### WHAT IS REQUIRED
Line filter on the word "type": copy each matching line from the entries.

### RECORDS FOR THIS EXERCISE
···

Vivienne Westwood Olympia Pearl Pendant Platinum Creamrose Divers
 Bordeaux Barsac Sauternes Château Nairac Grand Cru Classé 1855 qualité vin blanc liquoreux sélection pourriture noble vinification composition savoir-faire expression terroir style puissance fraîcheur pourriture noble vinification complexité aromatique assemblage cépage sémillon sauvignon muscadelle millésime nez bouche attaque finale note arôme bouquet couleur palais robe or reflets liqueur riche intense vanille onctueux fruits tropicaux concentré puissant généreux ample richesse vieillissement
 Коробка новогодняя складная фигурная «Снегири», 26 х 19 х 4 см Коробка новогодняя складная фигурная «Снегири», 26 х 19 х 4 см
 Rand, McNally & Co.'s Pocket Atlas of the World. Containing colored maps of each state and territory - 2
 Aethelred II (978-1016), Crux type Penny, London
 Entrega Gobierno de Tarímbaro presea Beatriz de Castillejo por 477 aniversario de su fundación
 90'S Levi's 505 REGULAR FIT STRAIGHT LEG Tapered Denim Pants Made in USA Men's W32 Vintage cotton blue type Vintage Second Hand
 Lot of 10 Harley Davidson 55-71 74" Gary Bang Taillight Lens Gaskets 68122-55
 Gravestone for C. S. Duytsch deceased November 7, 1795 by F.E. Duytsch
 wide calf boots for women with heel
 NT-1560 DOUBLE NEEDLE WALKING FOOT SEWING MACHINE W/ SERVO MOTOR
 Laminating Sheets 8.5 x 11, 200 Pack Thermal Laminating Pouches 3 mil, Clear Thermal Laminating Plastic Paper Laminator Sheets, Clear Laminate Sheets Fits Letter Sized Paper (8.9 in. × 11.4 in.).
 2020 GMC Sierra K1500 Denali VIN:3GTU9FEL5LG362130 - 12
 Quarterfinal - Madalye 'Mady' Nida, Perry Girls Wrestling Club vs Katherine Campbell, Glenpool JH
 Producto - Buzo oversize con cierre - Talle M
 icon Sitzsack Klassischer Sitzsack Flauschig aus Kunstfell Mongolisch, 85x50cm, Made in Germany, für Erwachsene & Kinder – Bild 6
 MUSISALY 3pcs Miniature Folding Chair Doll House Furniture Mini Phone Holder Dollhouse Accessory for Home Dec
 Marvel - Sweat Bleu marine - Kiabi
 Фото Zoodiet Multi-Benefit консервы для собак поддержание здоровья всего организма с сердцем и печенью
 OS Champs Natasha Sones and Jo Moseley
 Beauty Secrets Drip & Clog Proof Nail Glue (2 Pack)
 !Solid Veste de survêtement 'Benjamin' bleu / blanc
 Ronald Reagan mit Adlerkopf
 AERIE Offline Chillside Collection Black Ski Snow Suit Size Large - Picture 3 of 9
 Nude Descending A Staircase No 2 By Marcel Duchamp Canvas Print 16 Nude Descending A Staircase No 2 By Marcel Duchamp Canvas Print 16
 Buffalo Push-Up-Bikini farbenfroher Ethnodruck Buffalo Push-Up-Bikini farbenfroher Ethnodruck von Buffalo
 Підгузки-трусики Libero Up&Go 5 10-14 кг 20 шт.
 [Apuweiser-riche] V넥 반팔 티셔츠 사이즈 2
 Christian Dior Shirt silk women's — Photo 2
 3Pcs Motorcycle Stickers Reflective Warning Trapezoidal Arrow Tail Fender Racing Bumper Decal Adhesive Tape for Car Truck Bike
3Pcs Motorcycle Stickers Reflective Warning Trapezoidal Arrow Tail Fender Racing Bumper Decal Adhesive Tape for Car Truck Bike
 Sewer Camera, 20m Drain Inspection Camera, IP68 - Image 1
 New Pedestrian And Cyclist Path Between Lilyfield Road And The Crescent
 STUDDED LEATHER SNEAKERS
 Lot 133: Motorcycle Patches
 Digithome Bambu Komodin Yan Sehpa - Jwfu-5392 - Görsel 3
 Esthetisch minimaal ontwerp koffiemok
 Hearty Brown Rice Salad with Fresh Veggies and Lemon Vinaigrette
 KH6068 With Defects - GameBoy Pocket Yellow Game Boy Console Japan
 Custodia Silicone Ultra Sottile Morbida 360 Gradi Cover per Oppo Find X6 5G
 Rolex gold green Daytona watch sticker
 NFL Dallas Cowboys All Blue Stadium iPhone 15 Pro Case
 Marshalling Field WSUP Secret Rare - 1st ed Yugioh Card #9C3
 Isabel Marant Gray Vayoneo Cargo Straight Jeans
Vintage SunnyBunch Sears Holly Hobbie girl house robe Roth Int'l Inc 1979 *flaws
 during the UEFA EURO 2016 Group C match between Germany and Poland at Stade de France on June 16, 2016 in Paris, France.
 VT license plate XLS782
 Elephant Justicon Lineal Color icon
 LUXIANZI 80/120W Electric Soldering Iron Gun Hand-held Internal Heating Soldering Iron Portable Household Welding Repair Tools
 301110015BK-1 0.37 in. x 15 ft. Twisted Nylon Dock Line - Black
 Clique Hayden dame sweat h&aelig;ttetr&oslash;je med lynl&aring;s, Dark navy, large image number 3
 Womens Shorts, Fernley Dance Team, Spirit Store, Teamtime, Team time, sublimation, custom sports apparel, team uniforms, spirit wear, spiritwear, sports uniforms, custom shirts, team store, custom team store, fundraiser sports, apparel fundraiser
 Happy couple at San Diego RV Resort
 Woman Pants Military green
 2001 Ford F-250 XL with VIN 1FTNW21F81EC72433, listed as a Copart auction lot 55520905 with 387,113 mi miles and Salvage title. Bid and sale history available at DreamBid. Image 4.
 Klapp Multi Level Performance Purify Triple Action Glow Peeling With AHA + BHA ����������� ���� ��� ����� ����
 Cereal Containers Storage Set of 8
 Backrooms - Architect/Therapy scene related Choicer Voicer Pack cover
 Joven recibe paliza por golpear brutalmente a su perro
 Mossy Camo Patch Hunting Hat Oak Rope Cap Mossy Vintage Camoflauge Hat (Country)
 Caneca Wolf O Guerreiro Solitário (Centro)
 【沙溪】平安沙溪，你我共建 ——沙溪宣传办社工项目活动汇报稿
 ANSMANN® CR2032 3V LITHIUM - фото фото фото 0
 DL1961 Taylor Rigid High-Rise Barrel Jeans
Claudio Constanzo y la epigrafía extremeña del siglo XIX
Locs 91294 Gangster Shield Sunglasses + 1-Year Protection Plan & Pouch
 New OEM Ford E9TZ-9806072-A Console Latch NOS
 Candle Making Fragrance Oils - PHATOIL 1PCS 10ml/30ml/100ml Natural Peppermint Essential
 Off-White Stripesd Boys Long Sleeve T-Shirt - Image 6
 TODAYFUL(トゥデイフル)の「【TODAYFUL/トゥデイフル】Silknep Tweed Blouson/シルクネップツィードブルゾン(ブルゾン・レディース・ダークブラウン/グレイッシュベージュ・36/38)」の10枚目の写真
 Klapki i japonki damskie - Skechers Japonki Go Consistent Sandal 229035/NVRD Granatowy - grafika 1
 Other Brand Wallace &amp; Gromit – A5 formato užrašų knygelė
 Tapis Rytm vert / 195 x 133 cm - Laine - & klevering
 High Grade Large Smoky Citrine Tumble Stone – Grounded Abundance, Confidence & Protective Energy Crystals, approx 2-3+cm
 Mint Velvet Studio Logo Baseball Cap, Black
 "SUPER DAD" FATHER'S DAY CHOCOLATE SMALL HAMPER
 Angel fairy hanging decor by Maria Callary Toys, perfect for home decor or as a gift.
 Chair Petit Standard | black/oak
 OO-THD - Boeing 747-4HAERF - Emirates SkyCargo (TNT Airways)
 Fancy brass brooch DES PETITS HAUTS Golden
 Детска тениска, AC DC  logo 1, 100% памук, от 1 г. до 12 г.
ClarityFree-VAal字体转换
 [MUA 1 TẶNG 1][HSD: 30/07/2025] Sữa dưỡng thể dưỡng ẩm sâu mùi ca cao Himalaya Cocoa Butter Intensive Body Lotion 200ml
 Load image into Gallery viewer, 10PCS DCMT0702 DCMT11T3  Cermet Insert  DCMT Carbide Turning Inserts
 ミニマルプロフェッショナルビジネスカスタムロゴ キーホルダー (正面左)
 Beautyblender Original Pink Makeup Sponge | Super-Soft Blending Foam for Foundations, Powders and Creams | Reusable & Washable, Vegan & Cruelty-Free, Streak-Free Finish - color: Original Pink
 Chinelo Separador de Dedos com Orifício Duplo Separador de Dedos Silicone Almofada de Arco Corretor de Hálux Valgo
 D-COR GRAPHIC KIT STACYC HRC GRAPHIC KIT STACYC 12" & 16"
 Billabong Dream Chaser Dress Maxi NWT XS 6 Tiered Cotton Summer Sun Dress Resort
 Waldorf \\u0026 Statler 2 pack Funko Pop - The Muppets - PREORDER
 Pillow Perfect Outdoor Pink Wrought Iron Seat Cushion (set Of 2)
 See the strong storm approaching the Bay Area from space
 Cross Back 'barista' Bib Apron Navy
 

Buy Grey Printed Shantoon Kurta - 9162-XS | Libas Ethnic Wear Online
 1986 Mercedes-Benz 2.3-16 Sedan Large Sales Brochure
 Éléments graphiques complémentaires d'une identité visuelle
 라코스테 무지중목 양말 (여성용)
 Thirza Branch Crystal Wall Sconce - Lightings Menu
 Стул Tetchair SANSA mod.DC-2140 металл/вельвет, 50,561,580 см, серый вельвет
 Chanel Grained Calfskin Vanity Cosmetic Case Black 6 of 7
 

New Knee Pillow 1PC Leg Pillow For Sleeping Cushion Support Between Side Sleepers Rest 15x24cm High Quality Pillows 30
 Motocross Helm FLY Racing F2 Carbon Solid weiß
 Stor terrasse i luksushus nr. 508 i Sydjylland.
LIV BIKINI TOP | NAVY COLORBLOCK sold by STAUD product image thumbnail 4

···

### ANSWER SPACE
 Aethelred II (978-1016), Crux type Penny, London
 90'S Levi's 505 REGULAR FIT STRAIGHT LEG Tapered Denim Pants Made in USA Men's W32 Vintage cotton blue type Vintage Second Hand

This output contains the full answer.